Here’s the rub: how do we identify these glitches in the matrix? Are they mere blips on the screen, easily dismissed by the suits at the control panel? Or are they harbingers of a system meltdown, a full-on Burroughs-ian cut-up waiting to happen?
Then comes the dance with the gremlins. How do we address these exceptions? Patch the program? Throw a bucket of bolts at the malfunctioning machine? Or is there some deeper, more primal ritual required, some offering to the machine gods to appease their circuits?
But the real meat of the matter, the question that hangs thick in the air like the stink of fear, is this: who holds the power? Who gets to make the call when the system shits the bed? Who has the authority to yank the plug, rewrite the code, or sacrifice a goat to the malfunctioning server?
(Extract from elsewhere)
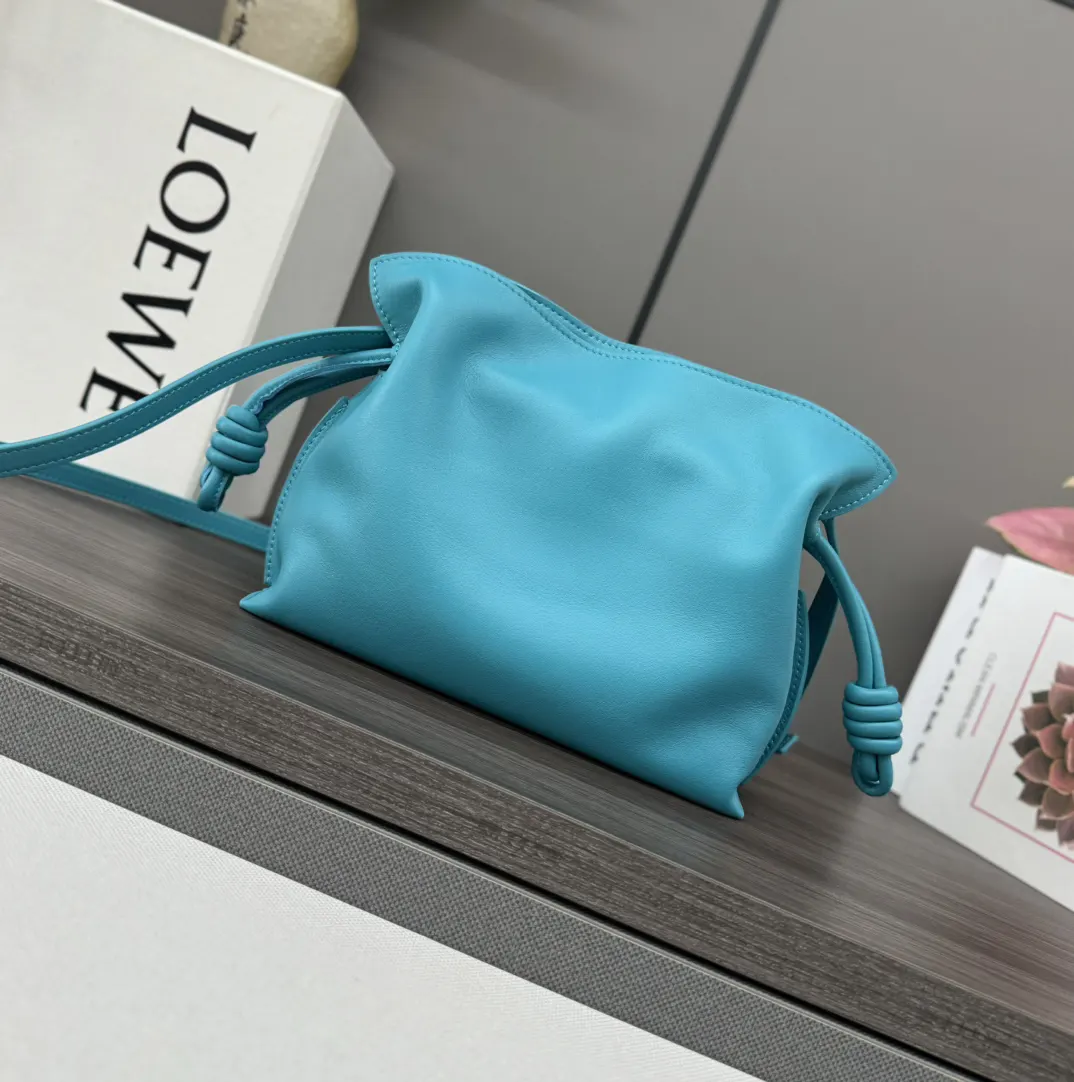 金色 小牛皮 免 少 L⊚℮w℮ 纳帕牛皮革Fl 手拿包 精致手拿款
This, my friend, is where the ghost of Carl Schmitt slithers in, that old authoritarian bastard. He whispers in your ear, his voice a chilling binary code: “Who is sovereign?” In the face of glitches and exceptions, who gets to decide the fate of the system? Is it the button-pushing drones, forever locked in their bureaucratic trance? Or is there a higher power, a hidden hand that pulls the strings and dictates the course of action?
The answer, my friend, is as murky as the oil slick that coats the gears of any system. The search for the sovereign, the one with the final say, is a never-ending chase through the labyrinthine corridors of power. Just remember, in the game of automation, there’s always a ghost in the machine, waiting to remind you who’s really in control.